Far and away, the primary way our theology is to be developed is within the local church as we hear the Word of God preached and as we read it together.  But, alongside this, maximising our exposure to good theology is a very wise thing to do.  This is where reading good Christian books comes in.  

Having a bookstall in your church sends a message to the congregation that reading books is a good thing to do.  My observation is that Christians are not reading as much as once we did.  My concern with this is that we are still imbibing ‘truth and ideas’ about the world we live in, who we are and how to live, from the world around us every minute we are awake.  If reading good books helps us to guard ourselves against this and maintain sound theology, then having a bookstall and talking about the books on it, maybe having reading groups in the church, will all communicate the value and importance of reading Christian books.

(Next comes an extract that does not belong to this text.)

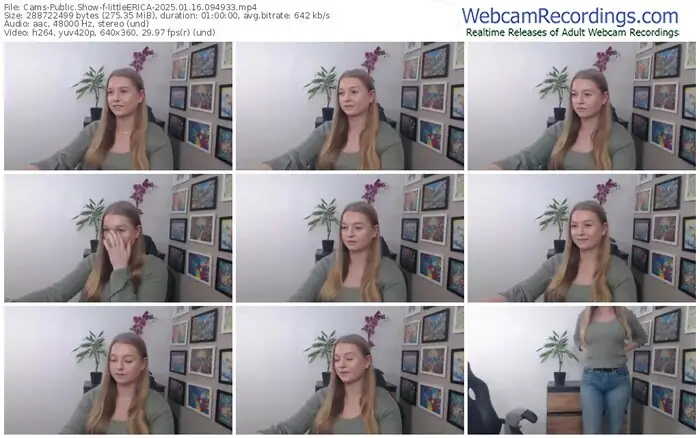 2025/01/16/cams-littleerica-09-49-33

photo of library with turned on lights

Because I believe in the primary role the local church has in rooting us in theology, for reading good books to be something that is unavailable in our local church and that we need to outside of the local church seems odd to me.

Reading GOOD Theology matters.

There are a lot of Christian books out there.  A lot of books that are fantastic.  There are a lot of books that are not.  There are a lot of books that are actually far from it.  Many will actually contribute to you being tossed to and fro by every wind of doctrine.

The question becomes, how do you know what is good.   For most of us, as we start out on our reading journey, all we can do is trust people’s recommendations.

Increasingly, I observe, these recommendations are coming direct from booksellers and not from churches.

In one sense I don’t have a problem with this as I know a lot of Christian booksellers and I would trust their advice.  But, great care needs to be taken here.  

I know the pastors in my local church family.  I trust them.  I trust their theology, I trust their pastoral oversight and leadership.

Having a bookstall our church enables us to communicate to the church what are good and helpful books to read and can guard against Christians being led to unhelpful books in a vacuum of wisdom and advice on what to read.

So those would be my reasons for having a bookstall in your church:

  • THEOLOGY matters
  • READING theology matters
  • reading GOOD theology matters.

And guess what, having a bookstall in your church can convey all of the messages about these three things, even if no one ever buys a book from the church bookstall but gets it online.